Centrica has made a raft of proposals to both government and Ofgem in a bid to “level the playing field” in the energy market.
The energy major this morning published what it described as a package of actions and recommendations aimed at reforming the UK power sector and ultimately benefitting customers.
The measures, both internal decisions Centrica will enforce itself and policy recommendations for the government and Ofgem to consider, have been made at a time when the UK energy market faces significant change, with a price cap on the cards and utilities having to contend with evolving business models.
Iain Conn, group chief executive at Centrica, said that his firm was ready to play a leading role in the future design of the power market.
“Today we have set out the unilateral actions we will take to improve the UK energy market for our customers. This starts with the withdrawal of the Standard Variable Tariff which contributes to lower levels of customer engagement.
“We also believe that further measures by Ofgem and the Government are required so that together we can create a market that works for everyone, where there is improved transparency and a fairer allocation of costs currently included in the energy bill,” Conn said.

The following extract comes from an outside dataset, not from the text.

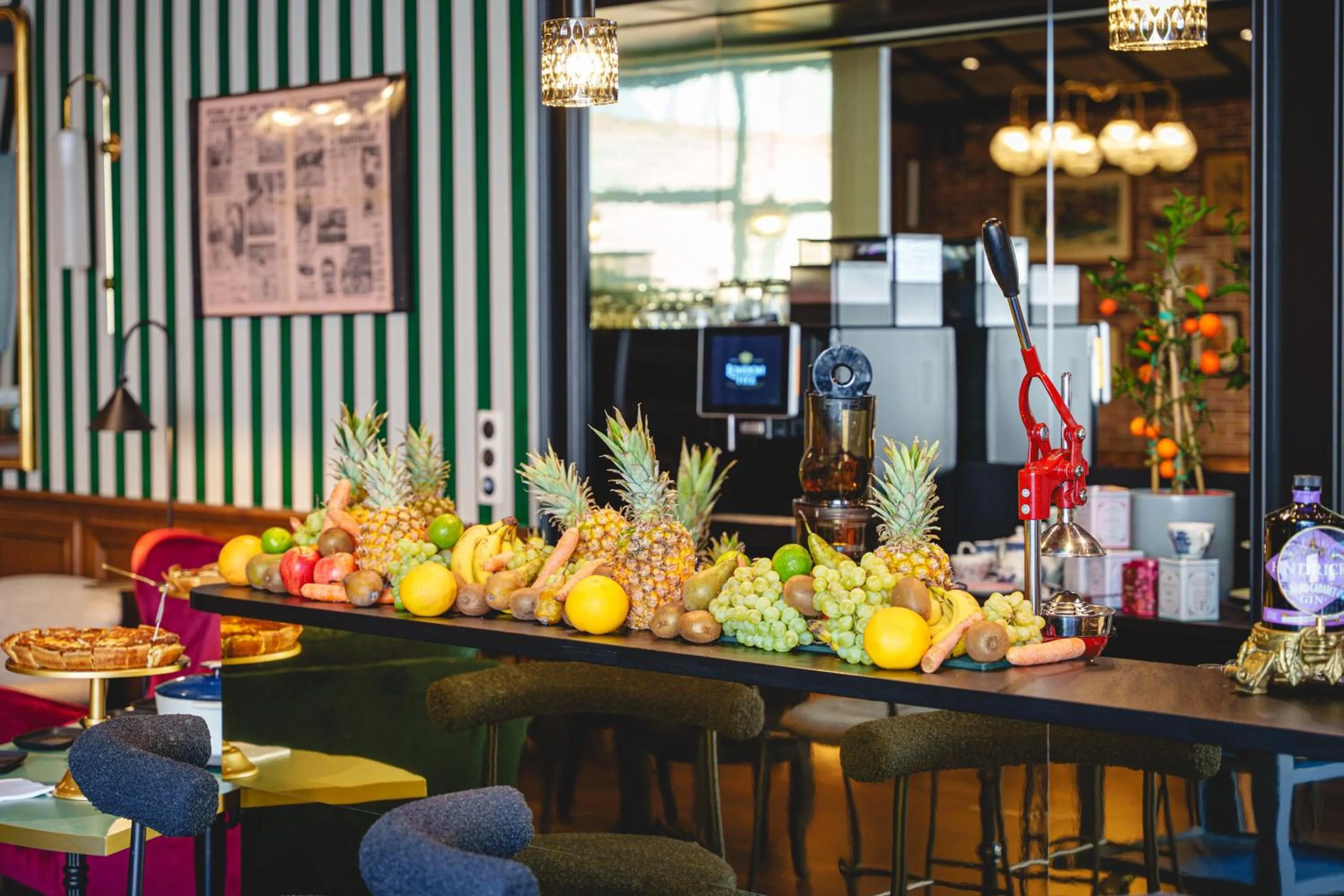English/Irish breakfast in The Originals Boutique, Hôtel Le Londres, Saumur
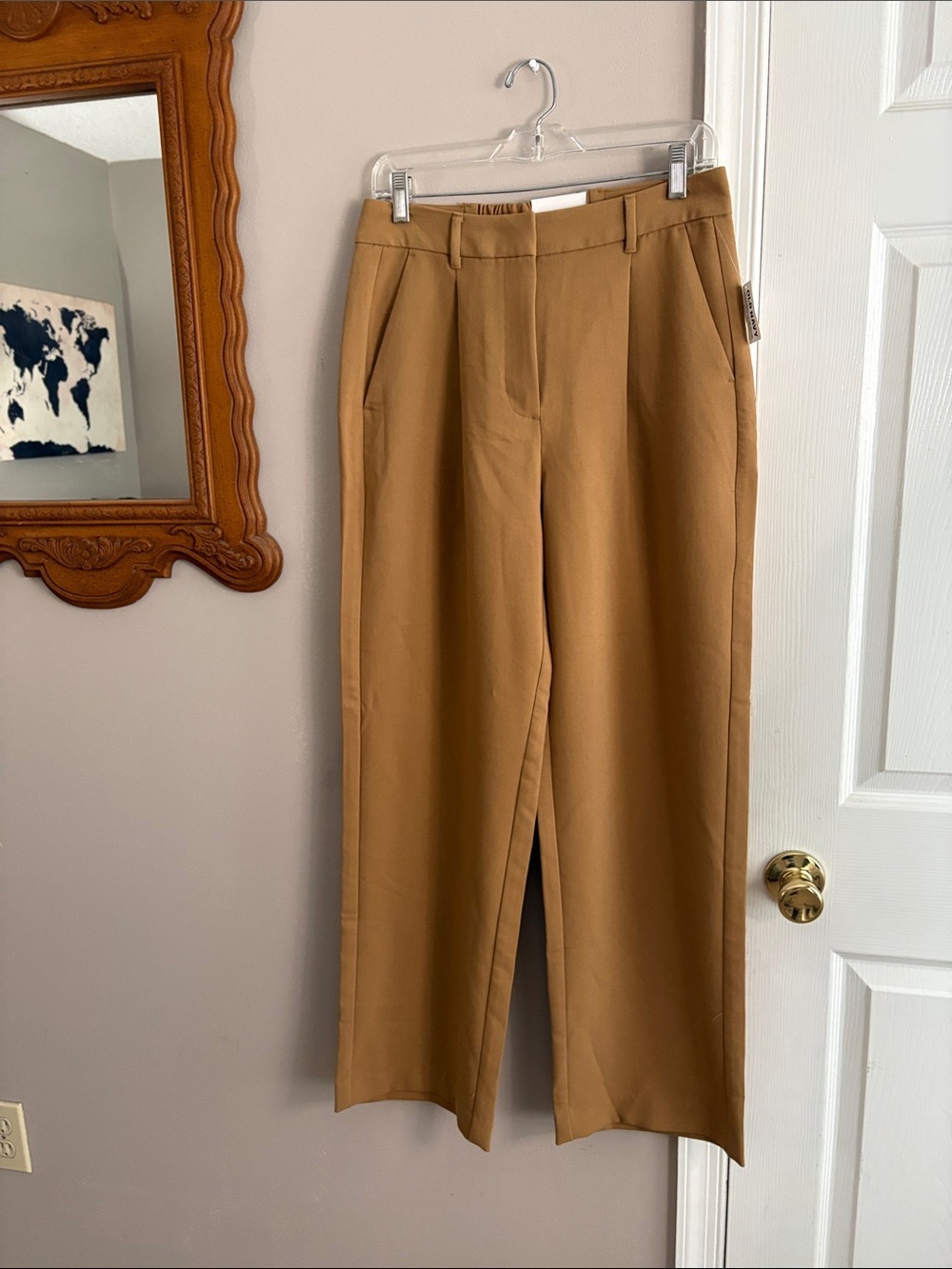 Old Navy Wide-Leg Pants in Camel Brown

Of the unilateral steps Centrica said it would make, perhaps most eye-catching is the withdrawal of its standard variable tariff for new customers, to be replaced with fixed-term competitive tariffs. For those customers who have not changed when their fixed-term contract expires, a rolling, 12-month default tariff will be in place.
But Centrica has reserved particular ire for policy costs, a subject which has proven tricky for the Big Six firm in recent months. The firm blamed both policy and network costs for a 12.5% increase of its prices in August, reasoning which triggered a swift rebuke from the Energy Networks Association.
Today Centrica has proposed that all policy costs, including those associated with environmental subsidies, be moved out of energy bills to general taxation, claiming this to be a “less regressive” mechanism.
Such a change would spread the cost associated with decarbonising the economy more fairly, Centrica said, although the firm has admitted delivery would “not be easy”.
“We believe the government should consider a less regressive mechanism to recoup policy costs, to protect those on the lowest incomes for whom energy is a higher proportion of their outgoings,” the company said.
Estimates included by Centrica claim that as much as £5 billion worth of policy costs could be moved out from energy bills each year, equivalent to around £200 per bill.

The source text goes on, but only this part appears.